• _LISTED RECORDS_
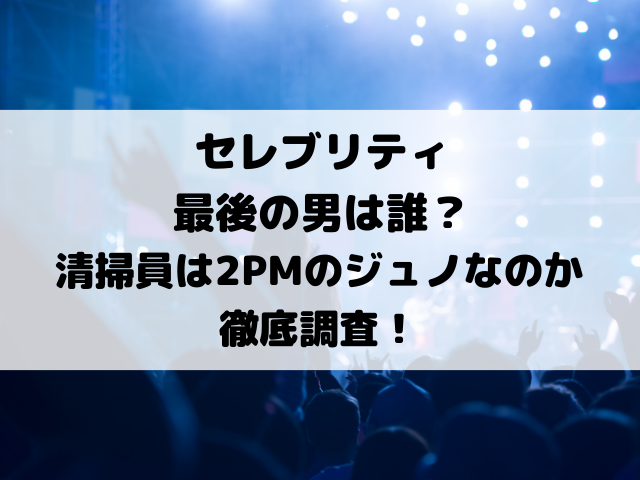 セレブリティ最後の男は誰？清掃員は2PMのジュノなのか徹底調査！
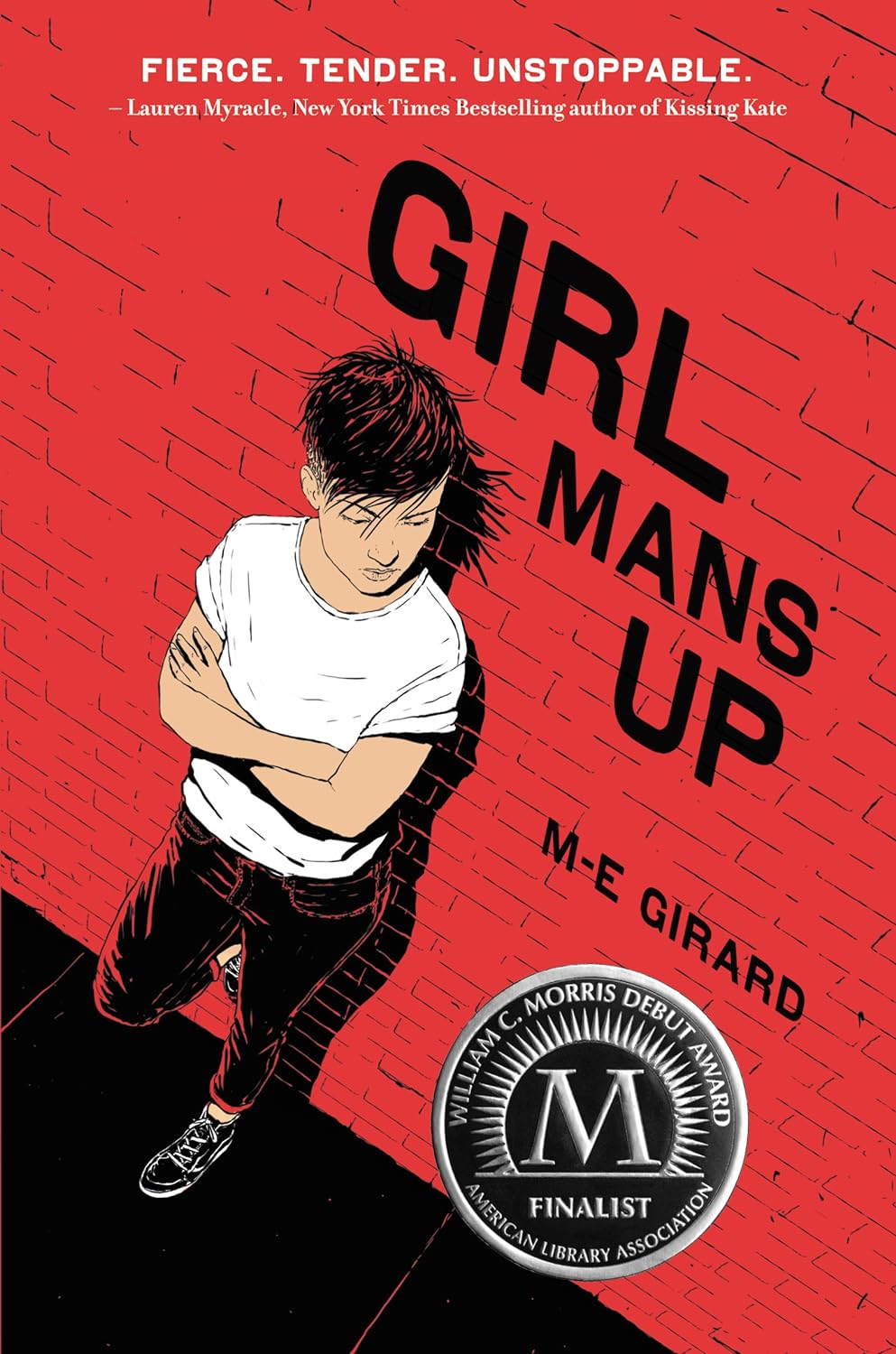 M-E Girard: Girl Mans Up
...
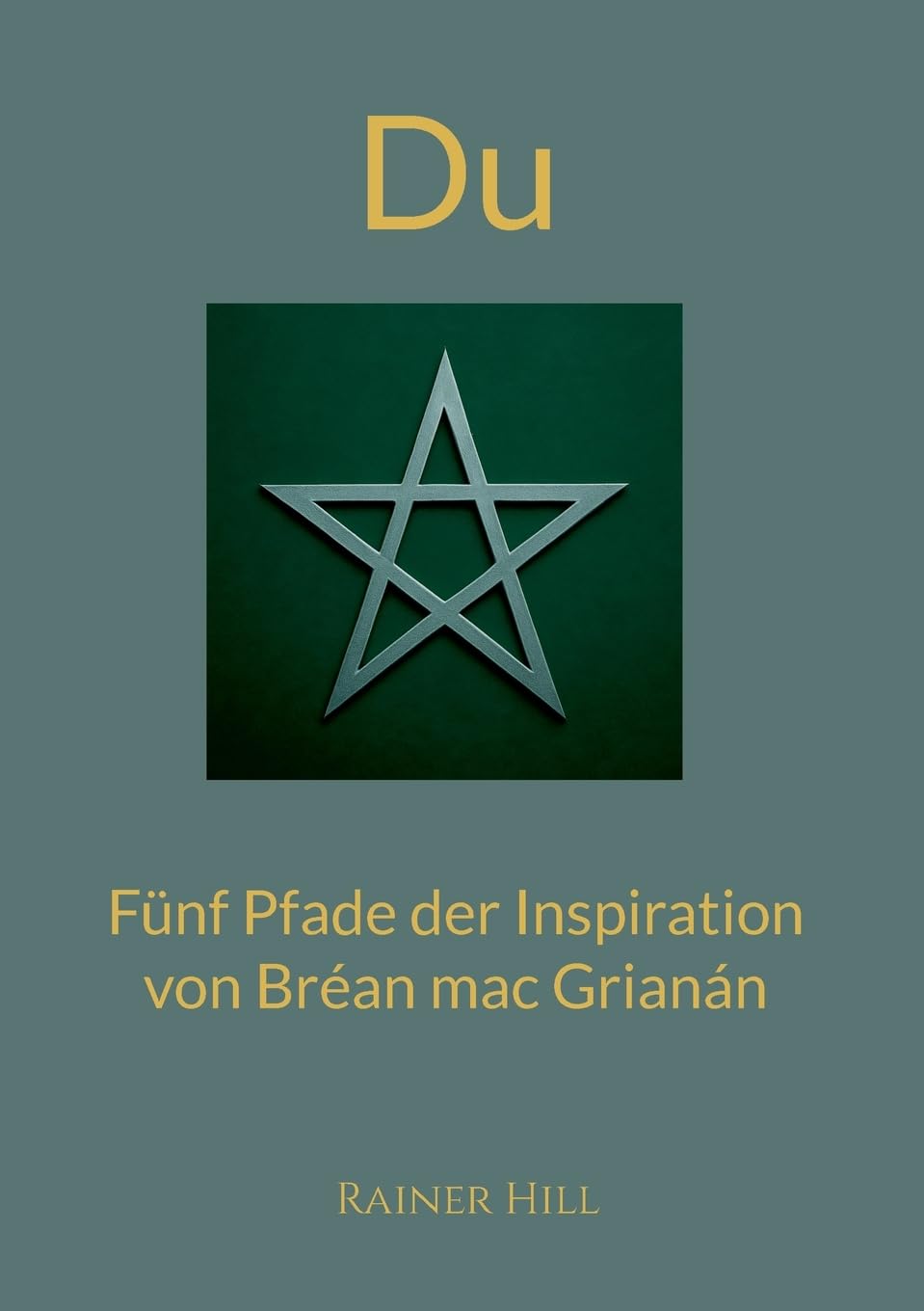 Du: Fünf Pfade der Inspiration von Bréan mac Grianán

• _TASK DESCRIPTION_
From the records above, transcribe only the stretch from the line with "セレブリティ最後の男は誰？清掃員は2PMのジュノなのか徹底調査！" through the line with "M-E Girard: Girl Mans Up", keeping both ends. Omit pictures.

• _ANSWER TO THIS PROBLEM_
 セレブリティ最後の男は誰？清掃員は2PMのジュノなのか徹底調査！
 M-E Girard: Girl Mans Up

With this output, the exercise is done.